Et le but où ce livre marche, c’est le salut de la France, au 10 août, par le renversement du trône.

La France qui lit, jase et discute, s’était déjà bien dépensée en paroles ; elle se souciait peu d’agir, elle aimait mieux ne pas voir les dangers de la situation ; ingénieuse à se tromper, elle parvenait à croire que la guerre ne viendrait pas.

Mais la France qui ne lit point (c’est à peu près tout le monde), celle qui parle moins, qui travaille, n’ayant pas les mêmes moyens de se faire illusion, n’imagina pas que la chose pût être mise en question ; elle croyait depuis longtemps à la guerre, elle y crut plus fermement encore et s’y prépara. Depuis Varennes, elle demandait universellement des fusils ; au défaut, elle se mit, dès janvier, à forger des piques.

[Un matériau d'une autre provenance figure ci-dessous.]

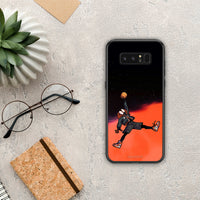 Thumbnail for Basketball Hero - Samsung Galaxy Note 8 θήκη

L’impression de la fuite du roi, sa désertion à l’ennemi, ce grand fait, ce fait capital, d’une signification décisive, put s’obscurcir pour le public oisif et causeur qui se repaît chaque jour de petites nouveautés. Mais pour la grande France, travailleuse et silencieuse, le même fait resta tout nouveau, présent, menaçant. Cette France, en faisant sa moisson, son labour, n’eut rien autre chose à l’esprit, et si une pierre heurta le soc, arrêta parfois la charrue, ce fut toujours cette pierre dressée sur chaque sillon.